Saberhagen recognized this when he decided to auction off much of his personal memorabilia at an online site that also features other former athletes.

“I still have that competitive fire in me,” Saberhagen said, “so to have Steve Garvey and Rollie Fingers and (John) Havlicek and a few other guys with stuff up on the auction, I slip from mine to theirs to see who’s doing better.”

Saberhagen amassed a treasure trove of memorabilia in a 16-year career that began in 1984 with the Royals. In eight seasons with the Royals, he won 110 games, two Cy Young awards and was a big part of the 1985 World Series championship team.

After being traded to the Mets, he also pitched with the Rockies and Red Sox, making the playoffs with the latter two teams. All told, he won 167 games.

Saberhagen initially rebuffed an offer to sell the items, but he realized that most of his collection was gathering dust in a storage unit. Now, proceeds from the sale will go to his charitable foundation and his four children.

The auction, conducted at SCPAuctions.com, concludes Saturday and includes 77 items, including Saberhagen’s 1985 World Series MVP trophy, his World Series ring, his Gold Glove Award and his Cy Young Awards.

There also are items from other players: a game-used autographed David Cone Royals jersey, a Cal Ripken Jr. signed batting helmet and signed jerseys from Bo Jackson, Ozzie Smith and Mo Vaughn.

And there are eclectic mementos like his high school basketball and baseball jerseys.

“I didn’t open everything up and go through the stuff before they (the auction company) got there,” Saberhagen said. “So it was pretty cool because they were like little kids in a candy shop, opening up all these boxes and unwrapping the paper and they’d come across whatever it might be and (say) ‘Aw, this is great.’

“It was kind of fun to watch.”

Saberhagen said it wasn’t difficult to part with any of it, although he gave his four children a chance to take what they wanted.

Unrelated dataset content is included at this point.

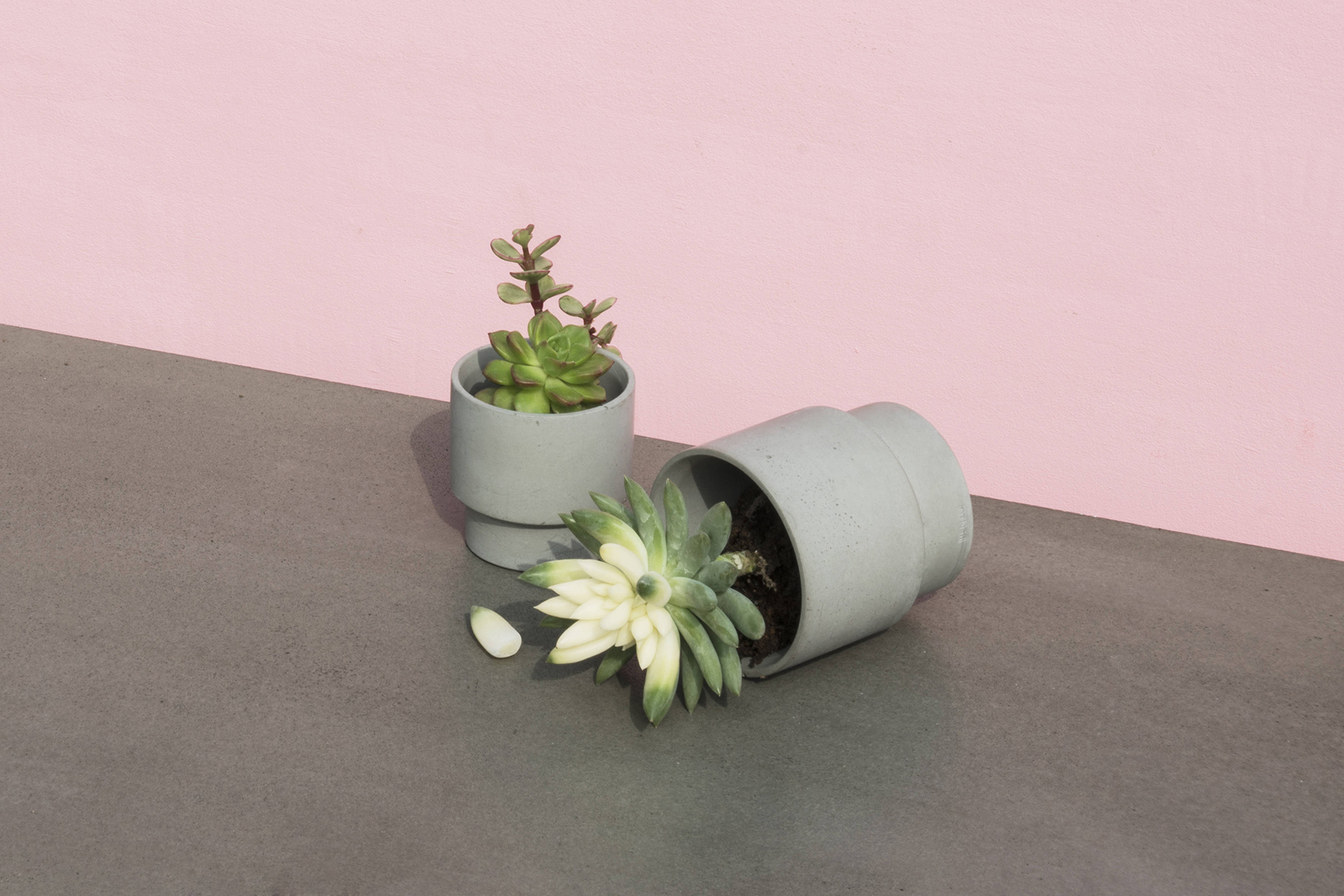 创意家具 - 附件|花器|办公家具|球友会手机网页版登录入口家具|花钵/蜡烛台-息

“It was a little tough for my mom more than anybody,” he said. “She said basically said, ‘Why are you doing this?’ I said, ‘Mom, what’s this stuff going to do? I’m going to eventually pass away and it’s all going to be sitting in boxes.’

“Now it’s great, because somebody who really wants it is going to be able to cherish it and do what they want with it. So I’m excited about whoever ends up getting this stuff.”

Plus, he’s happy to help out his kids and The Bret Saberhagen Makes A Difference Foundation.

“It’s geared toward youth,” Saberhagen said of his foundation. “I’ve done everything from donating to autism, juvenile diabetes, did some stuff from Katrina for some schools back there that needed school supplies. Done stuff for little league youth organizations. So I’ve done some different things, but it’s always geared toward youth. It’s not any one thing I do all the time. It changes up.”